When the line with "Pahlen Electrische Verwarming 6kW" turns up below, begin repeating exactly, and carry on through the line with "adidas Zapatillas Urbanas"; no pictures go into the copy.

* **Supplied entries**
____________

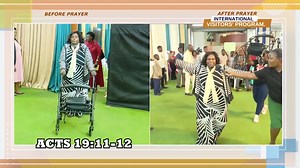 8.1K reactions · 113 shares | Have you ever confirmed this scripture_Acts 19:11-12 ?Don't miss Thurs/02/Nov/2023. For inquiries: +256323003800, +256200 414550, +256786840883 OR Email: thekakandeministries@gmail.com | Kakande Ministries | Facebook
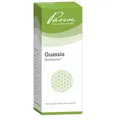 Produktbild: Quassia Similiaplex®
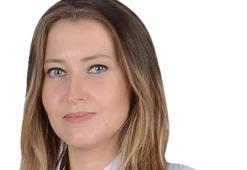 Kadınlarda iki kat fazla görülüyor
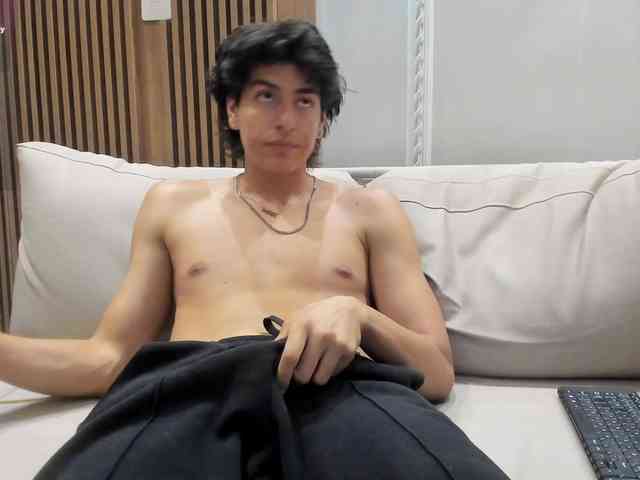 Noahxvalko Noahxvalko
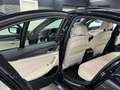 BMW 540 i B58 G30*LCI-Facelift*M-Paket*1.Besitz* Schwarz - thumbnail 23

____________

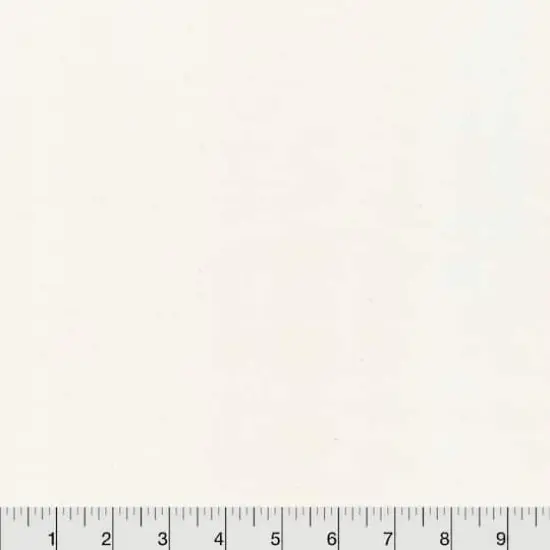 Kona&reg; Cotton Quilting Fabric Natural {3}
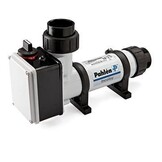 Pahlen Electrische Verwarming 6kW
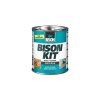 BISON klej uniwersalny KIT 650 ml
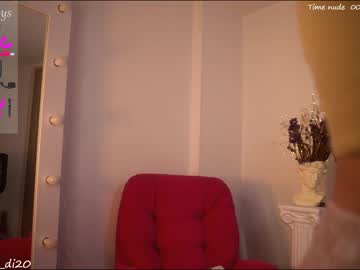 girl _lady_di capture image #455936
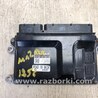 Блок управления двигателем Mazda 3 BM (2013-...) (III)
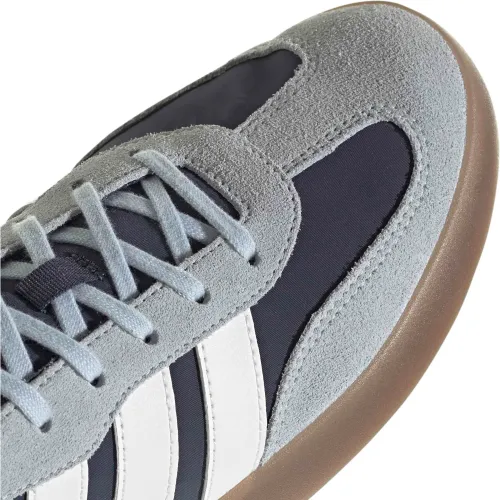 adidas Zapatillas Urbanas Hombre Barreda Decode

____________

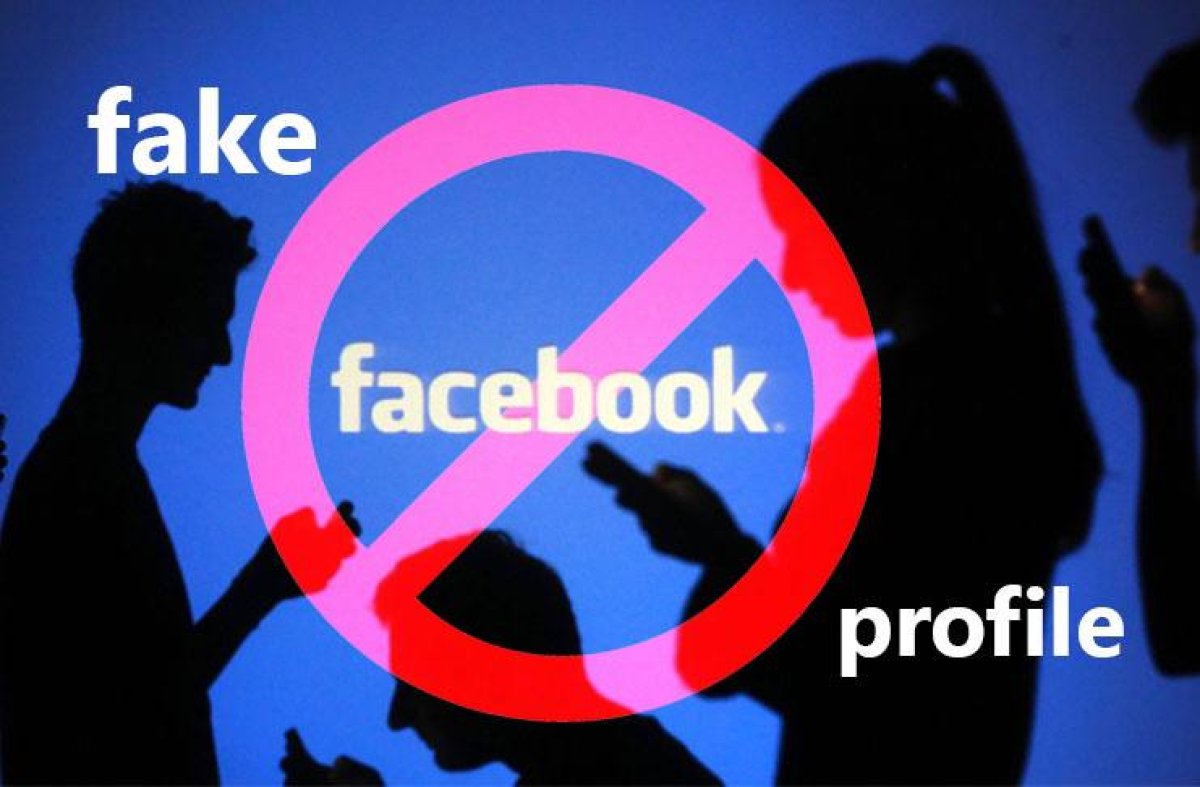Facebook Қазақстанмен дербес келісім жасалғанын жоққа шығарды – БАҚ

____________

* **Task solution**
 Pahlen Electrische Verwarming 6kW
 BISON klej uniwersalny KIT 650 ml
 girl _lady_di capture image #455936
 Блок управления двигателем Mazda 3 BM (2013-...) (III)
 adidas Zapatillas Urbanas Hombre Barreda Decode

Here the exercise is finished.